ラスベガス報告の3回目は、そもそも今回の訪問目的であったNAPFAカンファレンスの内容や雰囲気について報告します。

 NAPFAとは(The National Association of Personal Financial Advisors)の略称で、目的は前回までにお伝えしてきたFee-Onlyのアドバイザーを支援、組織化する団体です。

 似たようなアドバイザーやプランナー向けの団体としては、FPA(The Financial Planning Association)があり、こちらの方が規模も10倍ぐらい大きな団体です。
 しかし、FPAはFinancial Planningの団体と定義づけられているのでそこには所謂、保険販売や証券販売によってビジネスを成立させている人も所属しています。(むしろそういうビジネスの方が多数派かもしれません)

 以前から述べているように、こうした証券販売や保険販売のビジネスでは、顧客との間にどうしても利益相反関係が生じてしまいます。つまり売り手にとって販売手数料の高い商品を勧める誘因が働くということです。

 もちろんFPAでは、その問題を認めた上で、利益相反になったとしても顧客第一に考える倫理観を強く打ち出してはいますが、そうした倫理目標が、お題目 になってしまいがちなのは日本の証券、保険業界をみても明らかです。その点では日本だけではなく米国や英国などの諸外国でも同様です。

 そうした倫理感に訴える効果は、乏しいことを良くわかっている英国は今年からこうした、販売誘因の働くコミッションという考え方を全廃しました。
 RDR(Retail Distribution Review)と言いますが、これはアドバイザーが顧客に対して入口できちんと販売に関する手数料を公開、説明することが義務付けられたという動きです。

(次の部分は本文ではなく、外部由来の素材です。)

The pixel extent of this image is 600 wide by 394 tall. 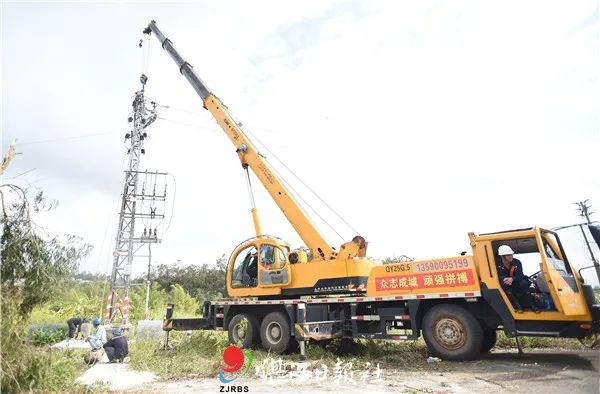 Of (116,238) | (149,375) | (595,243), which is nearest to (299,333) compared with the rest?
(149,375)

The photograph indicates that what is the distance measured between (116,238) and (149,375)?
10.6 meters

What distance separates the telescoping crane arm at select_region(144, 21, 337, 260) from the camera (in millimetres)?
10409

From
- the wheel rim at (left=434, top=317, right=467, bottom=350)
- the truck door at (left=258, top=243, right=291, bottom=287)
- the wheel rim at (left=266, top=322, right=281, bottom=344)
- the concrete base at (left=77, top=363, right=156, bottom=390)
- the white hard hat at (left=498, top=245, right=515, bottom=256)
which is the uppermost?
the truck door at (left=258, top=243, right=291, bottom=287)

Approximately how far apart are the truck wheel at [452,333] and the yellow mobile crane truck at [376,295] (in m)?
0.02

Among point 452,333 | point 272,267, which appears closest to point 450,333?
point 452,333

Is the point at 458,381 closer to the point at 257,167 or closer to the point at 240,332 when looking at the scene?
the point at 240,332

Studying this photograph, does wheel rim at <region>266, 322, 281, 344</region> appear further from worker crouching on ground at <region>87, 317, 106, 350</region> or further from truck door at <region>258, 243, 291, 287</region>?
worker crouching on ground at <region>87, 317, 106, 350</region>

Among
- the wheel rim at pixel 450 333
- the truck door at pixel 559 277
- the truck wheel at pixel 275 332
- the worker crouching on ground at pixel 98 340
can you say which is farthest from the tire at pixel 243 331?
the truck door at pixel 559 277

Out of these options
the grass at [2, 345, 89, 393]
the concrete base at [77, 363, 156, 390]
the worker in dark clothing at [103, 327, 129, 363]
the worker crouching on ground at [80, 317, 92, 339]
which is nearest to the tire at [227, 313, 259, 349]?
the worker in dark clothing at [103, 327, 129, 363]

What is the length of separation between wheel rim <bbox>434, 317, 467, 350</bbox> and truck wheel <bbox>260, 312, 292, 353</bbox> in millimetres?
3426

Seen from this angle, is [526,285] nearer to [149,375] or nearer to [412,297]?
[412,297]

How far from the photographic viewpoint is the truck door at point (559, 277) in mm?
6891

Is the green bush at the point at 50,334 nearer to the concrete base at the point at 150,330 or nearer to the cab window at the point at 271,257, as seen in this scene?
the concrete base at the point at 150,330

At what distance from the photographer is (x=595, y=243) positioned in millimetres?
7227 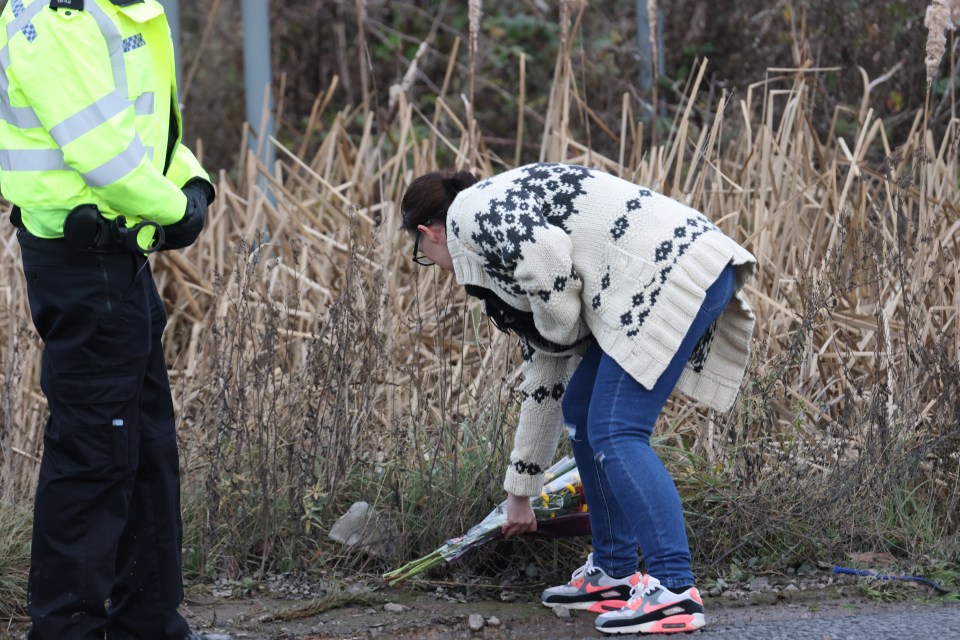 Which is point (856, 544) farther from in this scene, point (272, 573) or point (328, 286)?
point (328, 286)

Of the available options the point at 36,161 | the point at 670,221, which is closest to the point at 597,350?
the point at 670,221

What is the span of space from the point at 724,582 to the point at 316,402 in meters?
1.42

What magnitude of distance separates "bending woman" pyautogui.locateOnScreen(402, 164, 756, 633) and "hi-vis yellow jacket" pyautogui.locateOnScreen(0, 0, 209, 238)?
742 millimetres

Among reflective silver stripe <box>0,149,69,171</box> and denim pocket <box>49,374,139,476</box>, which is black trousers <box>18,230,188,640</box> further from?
reflective silver stripe <box>0,149,69,171</box>

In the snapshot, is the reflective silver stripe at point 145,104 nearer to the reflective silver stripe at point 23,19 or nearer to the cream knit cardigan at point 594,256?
the reflective silver stripe at point 23,19

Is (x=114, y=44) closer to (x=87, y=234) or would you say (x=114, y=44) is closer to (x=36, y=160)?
(x=36, y=160)

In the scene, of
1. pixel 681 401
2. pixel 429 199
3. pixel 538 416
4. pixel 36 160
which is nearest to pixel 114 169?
pixel 36 160

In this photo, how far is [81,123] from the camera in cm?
269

 この規制によって、アドバイザーはきちんと自らの受け取る手数料について情報公開をすることになるので、顧客側もその手数料を考慮しながら商品についての解説を受けるということになります。

 逆に言えば、商品説明やプランニングについて「無料で」という概念が無くなったとも言えます。英国の金融当局も「アドバイスは無料ではないですよ」というキャンペーンを大きく取り扱っていました。

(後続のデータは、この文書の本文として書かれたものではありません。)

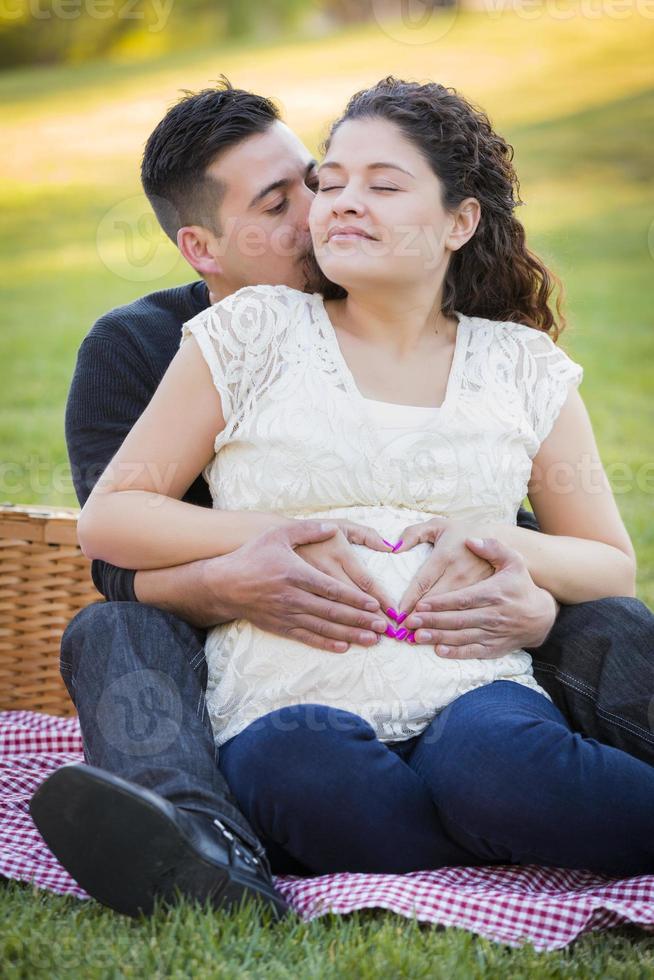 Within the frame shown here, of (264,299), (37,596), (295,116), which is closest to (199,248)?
(264,299)

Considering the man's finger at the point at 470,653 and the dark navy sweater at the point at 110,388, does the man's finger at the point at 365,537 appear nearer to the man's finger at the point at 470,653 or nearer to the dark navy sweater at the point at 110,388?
the man's finger at the point at 470,653

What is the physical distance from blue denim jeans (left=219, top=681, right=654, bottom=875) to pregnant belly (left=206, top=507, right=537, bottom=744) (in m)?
0.06

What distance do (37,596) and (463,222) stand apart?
4.32ft

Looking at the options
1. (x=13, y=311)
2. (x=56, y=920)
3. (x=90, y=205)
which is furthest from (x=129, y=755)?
(x=90, y=205)

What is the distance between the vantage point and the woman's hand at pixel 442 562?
6.15 feet

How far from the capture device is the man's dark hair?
2441 mm

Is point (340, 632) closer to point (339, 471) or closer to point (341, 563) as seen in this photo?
point (341, 563)

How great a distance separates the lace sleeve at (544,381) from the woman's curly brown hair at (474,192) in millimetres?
150

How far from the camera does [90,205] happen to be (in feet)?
34.7

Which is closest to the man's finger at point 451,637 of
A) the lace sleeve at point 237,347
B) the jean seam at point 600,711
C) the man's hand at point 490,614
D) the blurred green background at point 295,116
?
the man's hand at point 490,614

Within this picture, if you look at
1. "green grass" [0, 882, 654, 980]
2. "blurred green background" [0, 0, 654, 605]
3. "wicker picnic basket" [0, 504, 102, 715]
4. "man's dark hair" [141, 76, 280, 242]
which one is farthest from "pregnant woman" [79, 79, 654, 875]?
"blurred green background" [0, 0, 654, 605]

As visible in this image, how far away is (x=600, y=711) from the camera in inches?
77.0

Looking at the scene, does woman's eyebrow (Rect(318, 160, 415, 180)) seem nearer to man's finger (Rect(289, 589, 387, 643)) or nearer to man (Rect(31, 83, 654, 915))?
man (Rect(31, 83, 654, 915))

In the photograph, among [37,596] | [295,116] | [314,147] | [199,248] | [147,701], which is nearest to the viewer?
[147,701] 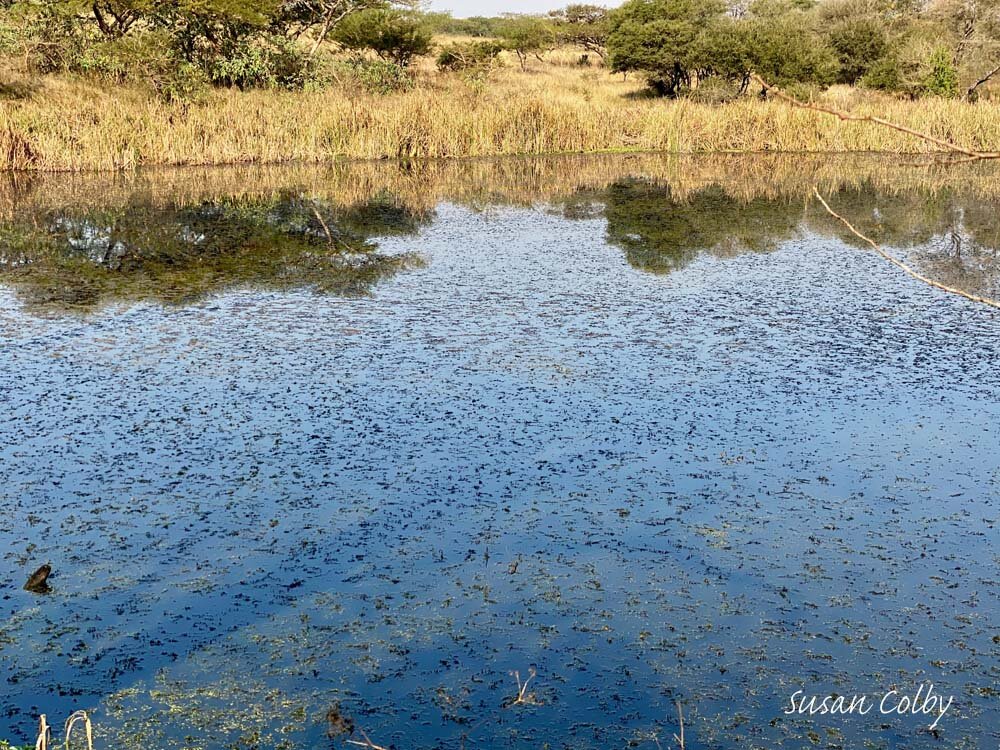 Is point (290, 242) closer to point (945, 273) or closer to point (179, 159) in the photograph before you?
point (945, 273)

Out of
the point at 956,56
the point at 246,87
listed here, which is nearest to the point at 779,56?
the point at 956,56

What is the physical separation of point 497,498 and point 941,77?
59.1 ft

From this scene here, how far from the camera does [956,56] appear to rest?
2373 cm

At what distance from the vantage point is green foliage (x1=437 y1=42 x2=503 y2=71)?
24.7m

 さて、話をNAPFAに戻します。つまりこうしたFee-Onlyのアドバイザーはこれまではマイナーではありましたが、英米では徐々に一般的なアドバイザーの形として認知されつつあります。

 NAPFAカンファレンスは米国で活動するFee-Onlyのアドバイザーが集い、そのスキル向上と、ネットワーキングを広げる場を提供しているイベントとなってます。

 今回はおおよそ500名程度のアドバイザーが集合していました。ホテルで合計4日間にわたりカンファレンスが開催されました。

 ここで行われるセッションは主に「マーケティング」「運用」「コミニュケーション」「マネジメント」などアドバイザーとして自らの事務所を経営して行くのに必要な知識やスキルを、その道のプロや先輩がメンバーに知見を共有するという流れで行われます。

 次回は、参加した中からいくつかのセミナーを取り上げて具体的にどのようなことが話し合われているのかをご紹介したいと思います。